Chronic use of opioids related to increased risk of fracture nonunion

Dr. Robert Zura, Professor and Chair of Orthopaedic Surgery at LSU Health New Orleans School of Medicine, was part of a research team reporting that not only may opioid use increase the risk of bone fractures, but opioids may also impair healing. The authors also question their effectiveness in controlling pain. Dr. Zura is a coauthor of the "Article in Press" available online in the journal, Injury.

The authors suggest that chronic use of certain medications may be a significant and substantial risk factor for fracture nonunion. Overall, 49.2% of opioid-naive patients receive an opioid prescription for post-operative pain control at hospital discharge after major surgery. Yet they report there is no evidence that opioids are more effective than non-opioids for acute extremity pain in the Emergency Department. The authors add that their data suggest that there is an inherent risk in use of most opioid analgesics and emphasize the importance of multimodal, non-opioid analgesic techniques at fracture.

The team studied 309,330 of the 18 most common bone fractures, as well as medication use, including antibiotics, anticoagulants, diabetes medications, osteoporosis medications, cardiac medications, diuretics, immunosuppressants, steroids, anticonvulsants, and non-opioid analgesics in addition to opioid analgesics. They found that opioid medications as a class significantly increased the risk of fracture nonunion following both acute and chronic administration.

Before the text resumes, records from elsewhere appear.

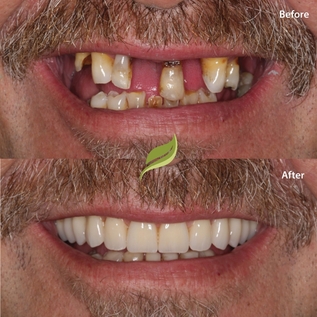 Before and after dental treatment 1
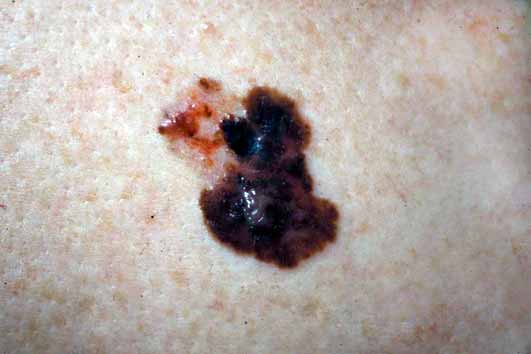 Image illustrating a mole with irregular coloring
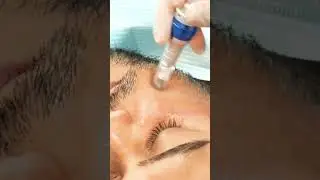 Unlock Timeless Beauty: Experience the PRP Facial Rejuvenation Transformation ✨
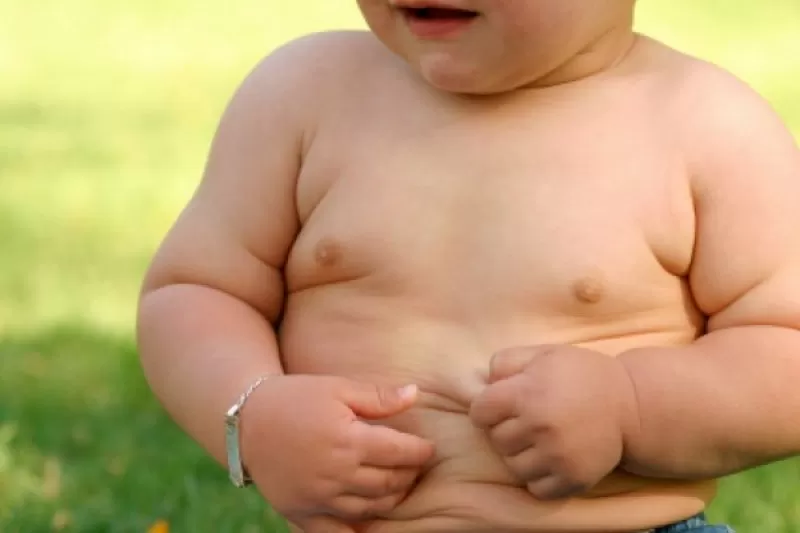 Obesitas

"Chronic opioid use roughly doubled the risk of nonunion among all patients, and this effect was fairly consistent across all ages and both genders," noted Dr. Zura.

The researchers report that Schedule II opioids, as a group, create a greater nonunion risk than non-opioid analgesics. Certain of these medications produce a significant risk, including acetaminophen/oxycodone, hydromorphone, acetaminophen/hydrocodone, oxycodone and meperidine. Of the Schedule III-V opioids, tramadol and naloxone/pentazocine were also associated with increased risk. Acetaminophen/codeine and buprenorphine were not associated with increased risk of nonunion. Prescription NSAID use also increased the risk of nonunion among chronic users.

"It is interesting that recent opioid policy discouraging the use of high-potency opioids appears to be increasing use of lower-potency opioids such as tramadol, a Schedule IV opioid," says Zura. "Our data suggest that this trend may not increase medication safety to the degree desired. It is critical that trauma surgeons and other practitioners be aware of the nonunion risk created by medication use."

The authors suggest that chronic use of certain medications may be a significant and substantial risk factor for fracture nonunion. Overall, 49.2% of opioid-naive patients receive an opioid prescription for post-operative pain control at hospital discharge after major surgery. Yet there is no evidence that opioids are more effective than non-opioids for acute extremity pain in the Emergency Department. They add that their data suggest that there is an inherent risk in use of most opioid analgesics and emphasize the importance of multimodal, non-opioid analgesic techniques at fracture.